Il semble bien que la France de 2021 commence à construire un cadre contraignant et strict pour les crimes sexuels sur mineurs. Grâce au courage des victimes de pédocriminalité et à la pression des associations et des collectifs de protection de l’enfance et féministes, la classe politique est obligée de regarder en face la réalité systémique de ce phénomène criminel et de proposer des solutions pour l’enrayer (...)
Pourquoi poser l’hypothèse que la France était le paradis des pédocriminels ? Ceci est bien moins une hypothèse que l’hyperbole d’une réalité désastreuse sur le manque de protection des mineur.e.s, et je vais m’en expliquer.
a. L’enfant peut toujours être consentant (...)
L’une des mesures principales pour protéger les enfants est la mise en place d’un seuil de non-consentement irréfragable. C’est-à-dire qu’à un certain âge, la société reconnait qu’un.e enfant ne peut être consentant.e à une relation sexuelle avec un adulte, et que celle-ci est automatiquement constitutive d’un viol. Contrairement à de nombreux autres pays européens, la France n’en a pas fixé. (...)
En d’autres termes, un.e magistrat.e peut considérer qu’un.e enfant de 6 ans peut être consentant.e à des relations sexuelles avec un adulte, ou du moins, que son comportement peut faire croire à l’adulte qu’il.elle pouvait être consentant.e. Le viol peut donc ne jamais être reconnu.
Cependant, la reconnaissance d’une possibilité d’un consentement ne veut pas dire que la relation est légale. Selon le droit français, toute relation sexuelle entre un adulte et un.e mineur.e de moins de 15 ans est considérée comme une atteinte sexuelle dont la condamnation est de 7 ans de prison. C’est au juge de décider si l’enfant est consentant ou non, si sa vulnérabilité est réelle et ainsi requalifier l’atteinte sexuelle en viol, ou non (...)
Cette absence de seuil de non-consentement rend la France complice du système pédocriminel qui permet aux agresseurs de continuer d’agresser. Ce vide juridique sexualise le corps des enfants, déresponsabilise les pédocriminels en responsabilisant les mineur.e.s sur leurs attitudes, leurs comportements ou leur inaction dans les interactions sexuelles avec l’adulte, faisant ainsi fi des troubles psychotraumatiques causées par les violences sexuelles. (...)

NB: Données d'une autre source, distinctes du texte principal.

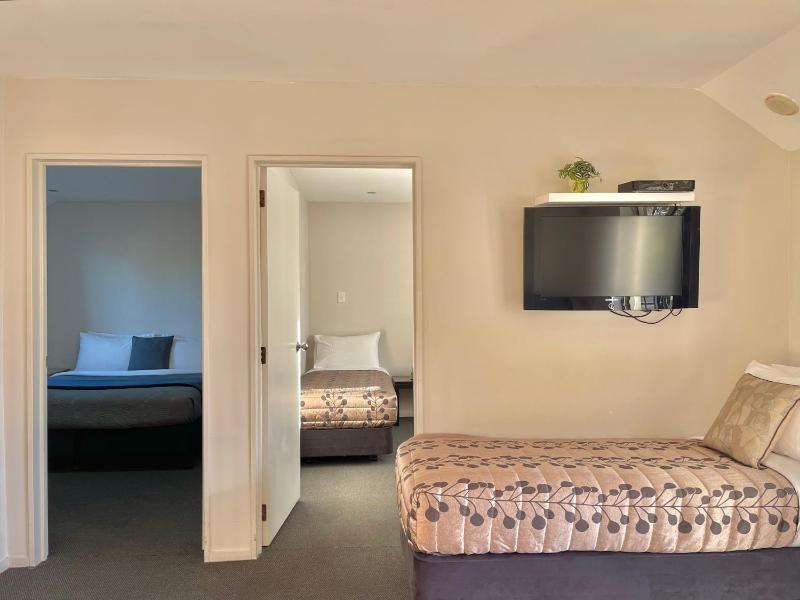 Amalfi Motor Lodge - image 29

b. La loi Schiappa, une non-volonté de protéger les enfants
L’ancienne secrétaire d’État chargée de l’Égalité entre les femmes et les hommes et de la Lutte contre les discriminations défend bec et ongles sa loi du 3 aout 2018 sur les violences sexuelles et sexistes. Celle-ci est censée mieux protéger les enfants de la pédocriminalité. Or, elle ne pose pas de cadre strict et contraignant. (...)
Malgré tous les beaux mots de M. Schiappa, sa loi ne permet pas de protéger les enfants de la violence pédocriminelle comme en témoignent différentes affaires de justice. (...)

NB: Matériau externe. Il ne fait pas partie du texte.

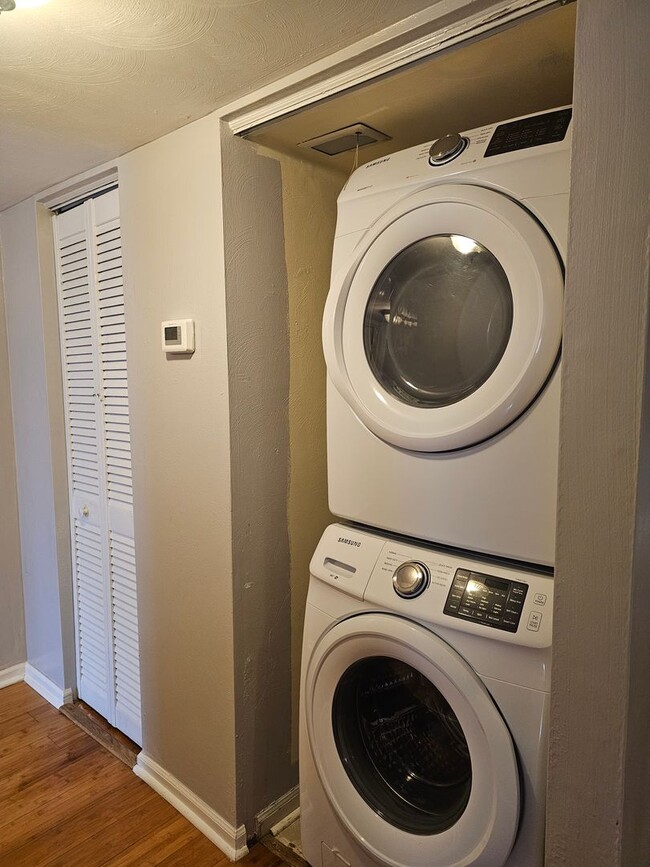 Building Photo - 1210 Stockley Gardens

L’ancienne secrétaire d’Etat ne semble pas comprendre les processus de la violence sexuelle sur les enfants. Avec sa loi, c’est toujours l’usage de la violence, de la contrainte, de la surprise ou de la menace du violeur qui permet de caractériser l’agression, et donc l’absence de consentement de l’enfant. (...)
Or, la majorité des viols sur les enfants sont commis « sans violence », outre la violence terrible du viol lui-même, notamment car les auteur.e.s sont souvent un proche (90 % des cas dont la moitié sont commis par un membre de la famille). Par ailleurs, l’enfant n’a pas la maturité psychique, physiologique, intellectuelle et émotionnelle pour comprendre la sexualité, les effets sur sa santé, ni pour s’opposer à l’adulte. (...)

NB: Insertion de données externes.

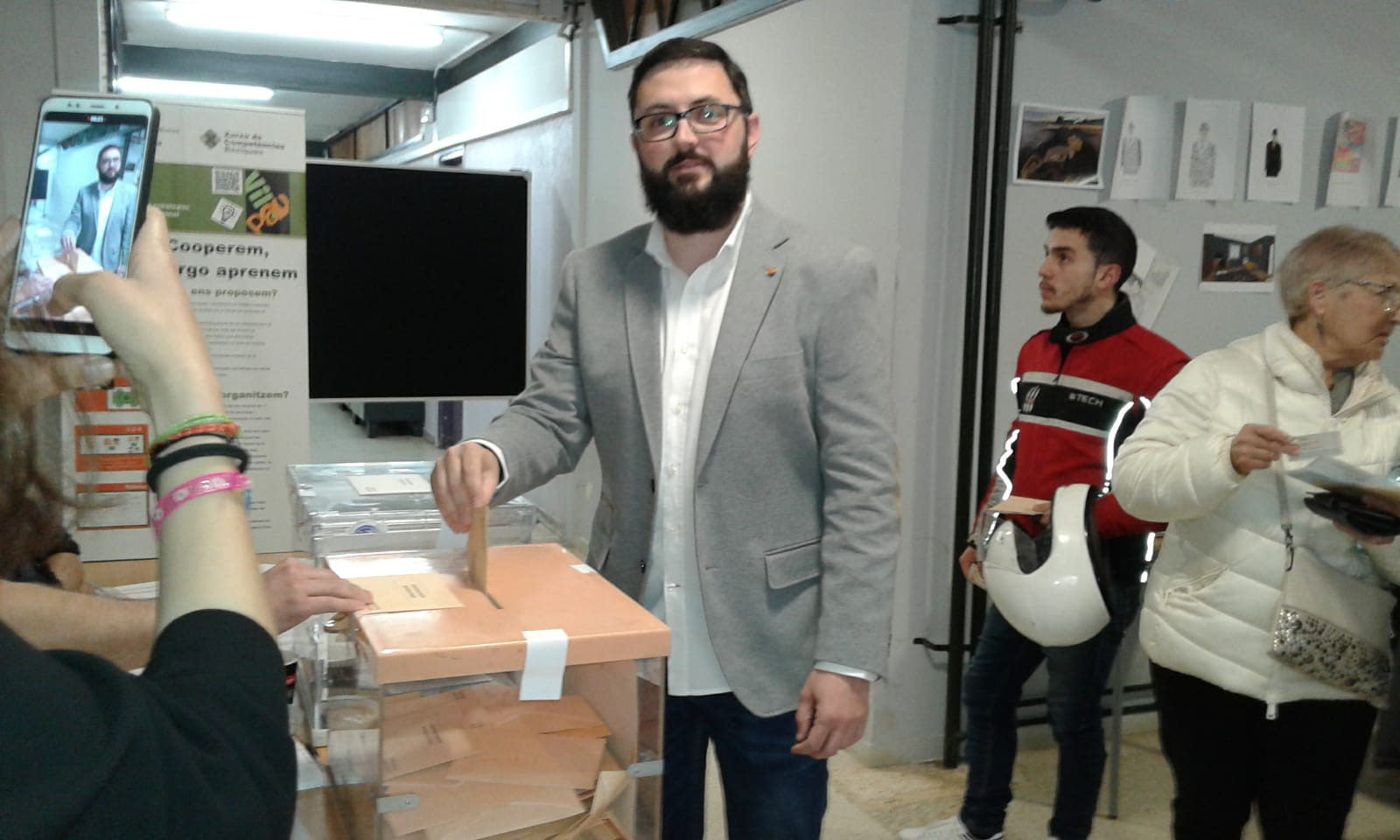 Ramon García votant al Pau Casals | Marc Serrano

Briser la souveraineté des juges sur la qualification des actes sexuels entre un enfant et un adulte est nécéssaire. Leur pouvoir dans l’appréciation de la violence dans une société patriarcale où domine la culture du viol, les stéréotypes sexistes, et des mythes sur la sexualité des enfants est intolérable. (...)
3. L’enfant et sa vulnérabilité
La question principale est la suivante : A quel âge faut-il mettre le seuil de non-consentement ?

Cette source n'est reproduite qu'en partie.